### AIM OF THE EXERCISE
Output nothing except the lines from the one containing "this 863×575 image." through the final line of the data, both included, typed exactly, minus the pictures.

### DATA LISTING

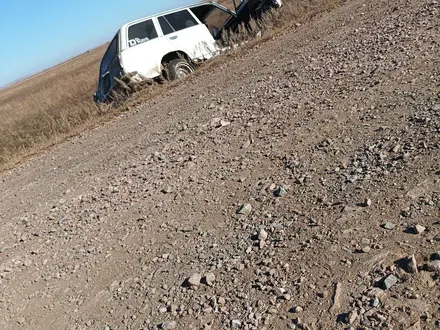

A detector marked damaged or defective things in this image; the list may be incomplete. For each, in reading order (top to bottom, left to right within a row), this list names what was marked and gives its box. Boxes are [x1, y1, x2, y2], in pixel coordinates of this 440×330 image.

crashed vehicle [94, 0, 284, 103]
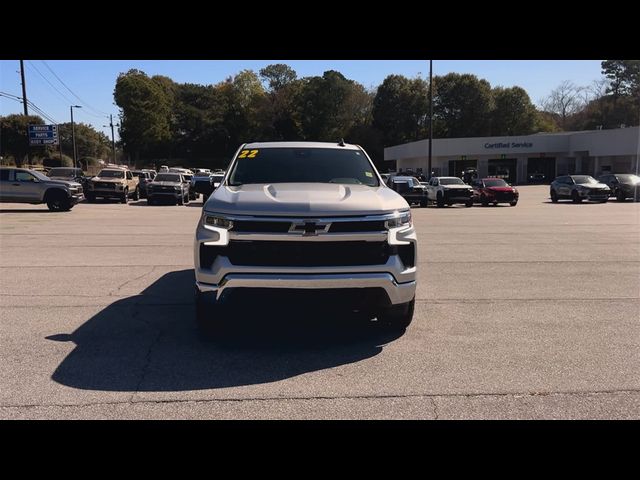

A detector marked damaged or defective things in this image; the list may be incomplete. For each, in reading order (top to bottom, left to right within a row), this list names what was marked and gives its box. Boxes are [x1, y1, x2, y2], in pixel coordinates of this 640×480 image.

crack in asphalt [2, 388, 636, 410]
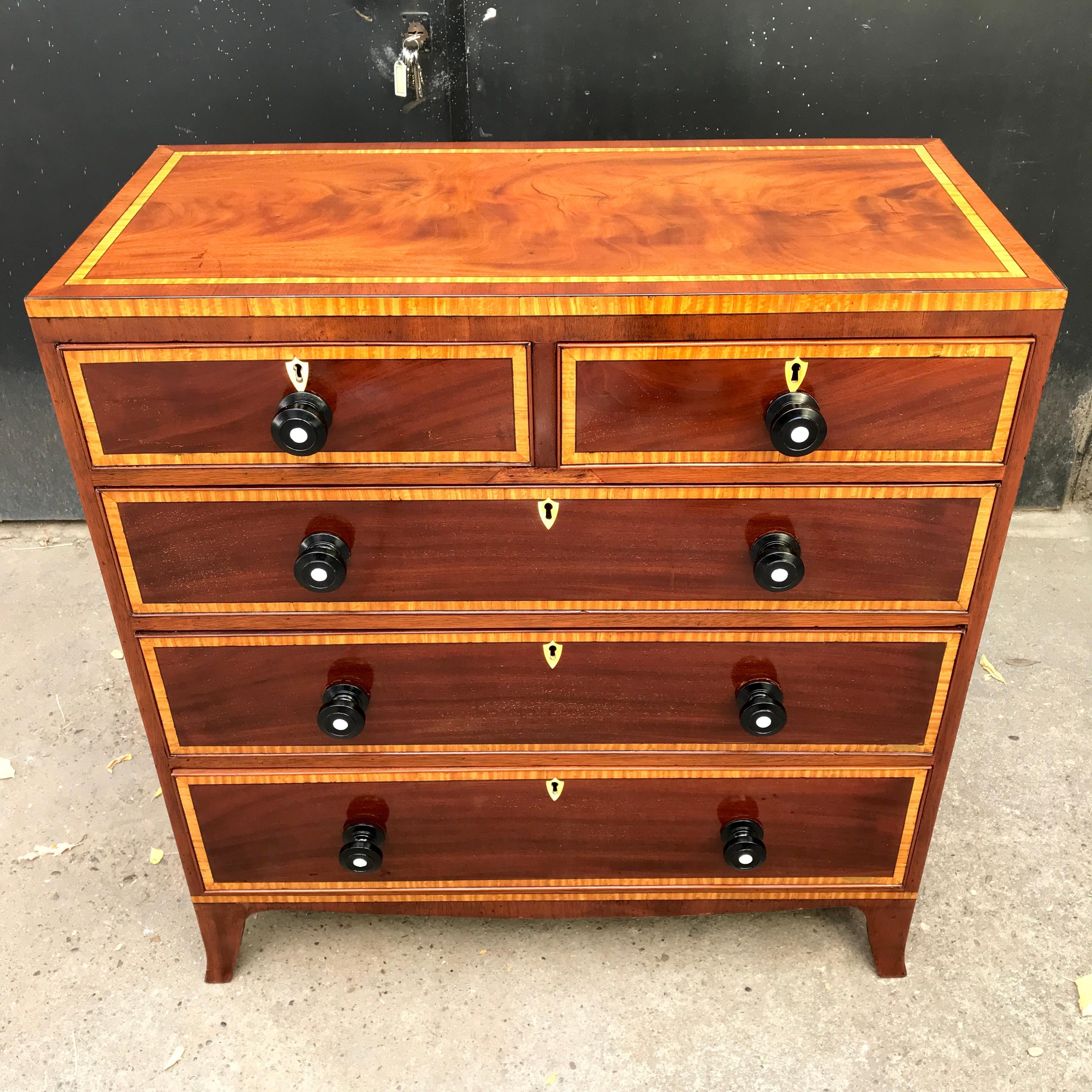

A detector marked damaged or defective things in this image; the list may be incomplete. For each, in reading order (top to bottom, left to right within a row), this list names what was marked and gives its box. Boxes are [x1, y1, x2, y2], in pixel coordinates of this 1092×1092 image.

cracked concrete ground [0, 513, 1087, 1092]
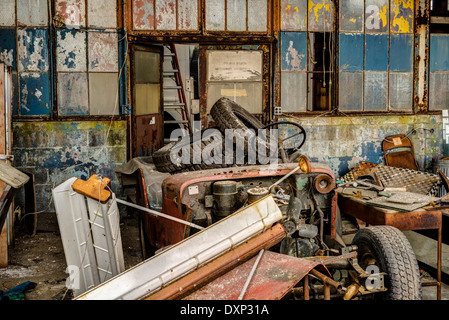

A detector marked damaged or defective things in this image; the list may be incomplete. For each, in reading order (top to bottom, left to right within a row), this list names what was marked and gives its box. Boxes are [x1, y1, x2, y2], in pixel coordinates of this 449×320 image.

rusty metal sheet [17, 0, 48, 26]
rusty metal sheet [55, 0, 86, 27]
rusty metal sheet [87, 0, 115, 28]
rusty metal sheet [133, 0, 154, 29]
rusty metal sheet [155, 0, 176, 29]
rusty metal sheet [178, 0, 198, 30]
rusty metal sheet [282, 0, 306, 31]
rusty metal sheet [306, 0, 334, 32]
rusty metal sheet [388, 0, 412, 33]
rusty metal sheet [18, 28, 49, 72]
rusty metal sheet [56, 29, 86, 71]
rusty metal sheet [88, 31, 117, 71]
rusty metal sheet [57, 73, 88, 115]
broken wooden board [0, 161, 29, 189]
peeling paint wall [12, 121, 128, 211]
orange rusty metal [71, 175, 111, 202]
broken wooden board [72, 175, 111, 202]
orange rusty metal [145, 222, 286, 300]
rusty metal sheet [147, 222, 288, 300]
orange rusty metal [180, 250, 330, 300]
rusty metal sheet [183, 251, 328, 302]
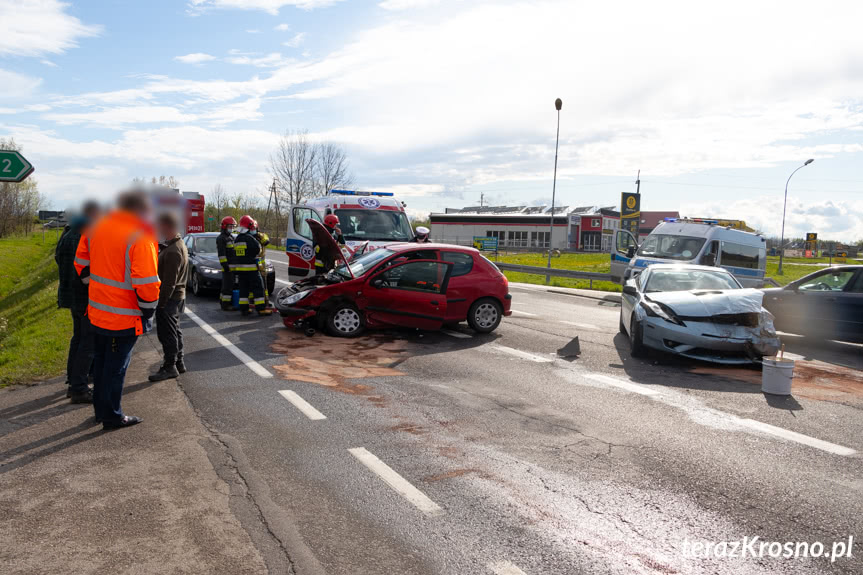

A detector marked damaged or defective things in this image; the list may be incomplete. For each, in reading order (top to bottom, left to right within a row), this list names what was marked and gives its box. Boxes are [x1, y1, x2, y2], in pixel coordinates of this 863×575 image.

damaged red hatchback [274, 220, 510, 338]
damaged silver car [620, 264, 784, 364]
crumpled car hood [644, 290, 780, 358]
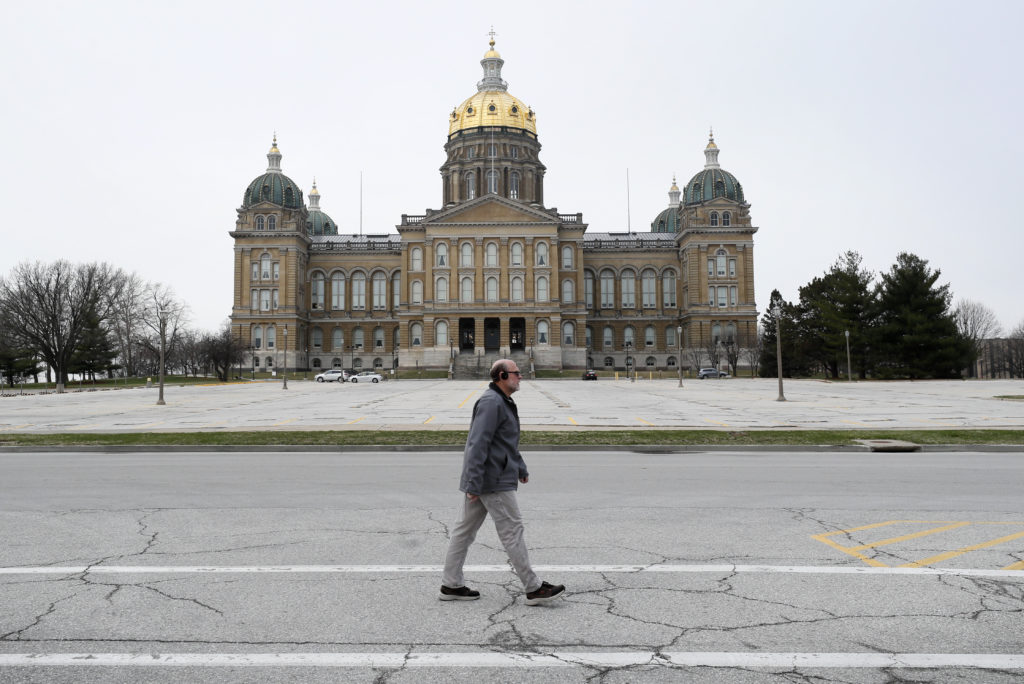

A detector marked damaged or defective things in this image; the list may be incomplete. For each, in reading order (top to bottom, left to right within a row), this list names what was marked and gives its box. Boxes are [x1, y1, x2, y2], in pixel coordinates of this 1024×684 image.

cracked pavement [2, 450, 1024, 679]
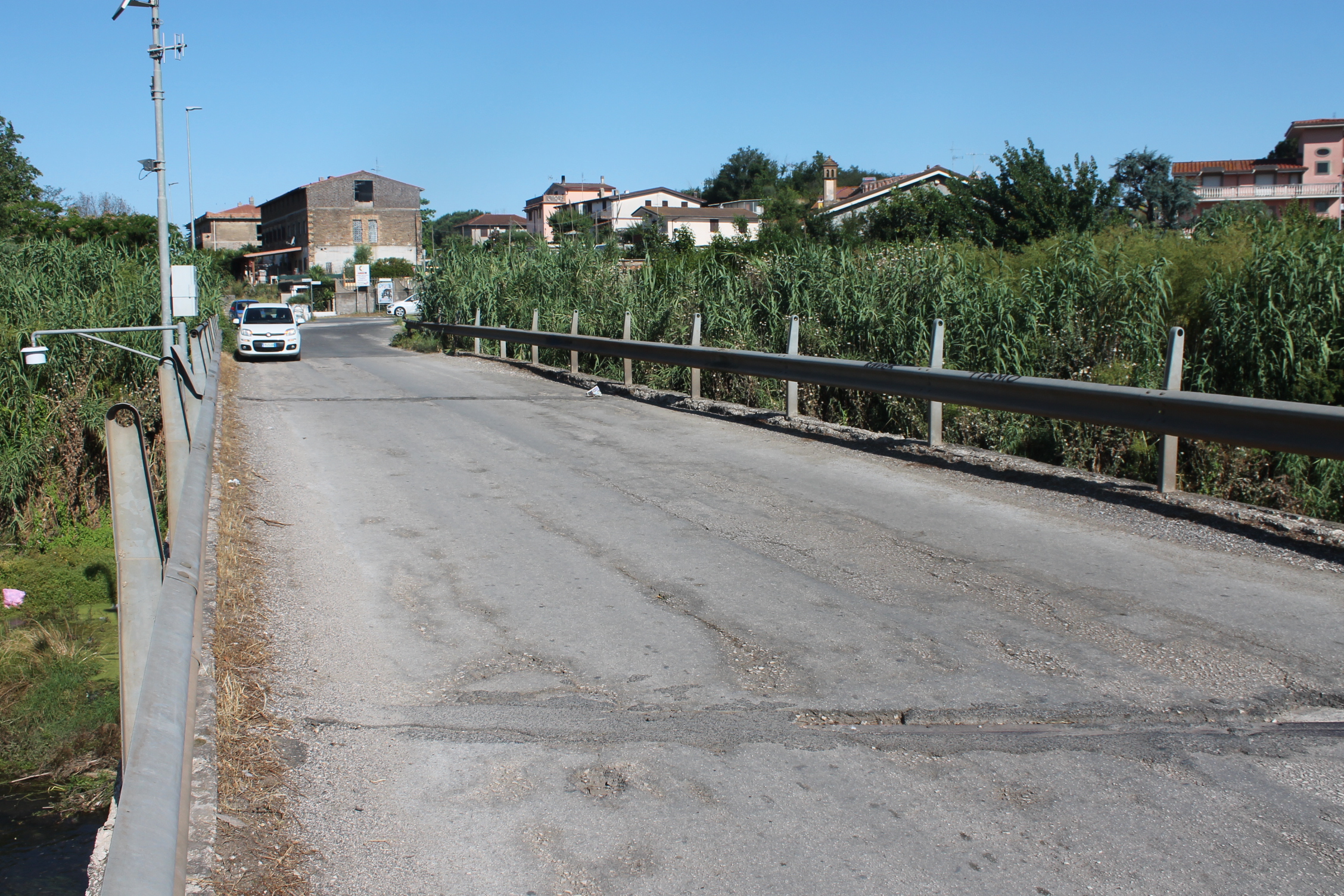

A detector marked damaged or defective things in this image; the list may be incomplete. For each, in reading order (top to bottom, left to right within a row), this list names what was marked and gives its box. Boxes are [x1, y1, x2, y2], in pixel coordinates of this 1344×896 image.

### OUTPUT BELOW
A detector marked damaged or defective things in this image; the list may be incomplete. For each, in reading order (top to bottom, left to right within a row), this list names what was marked and gives its box. Boxes are [x1, y1, x2, y2], in pixel coordinates of this 863×575 image.

damaged red hatchback [274, 220, 510, 338]
damaged silver car [620, 264, 784, 364]
crumpled car hood [644, 290, 780, 358]

A detector marked damaged or defective things in this image; the list may be incomplete. For each, in reading order (top to bottom, left to right within a row), this list names what was marked and gives its box. Boxes are [x1, y1, x2, y2], in pixel coordinates of this 1024×684 image.

cracked pavement [2, 450, 1024, 679]

A detector marked damaged or defective things in this image; the list may be incomplete. For each, in reading order (top to bottom, left to right within a row), this list names what was marked and gives its box. Boxes are [x1, y1, x2, y2], in pixel coordinates of this 1344×896 image.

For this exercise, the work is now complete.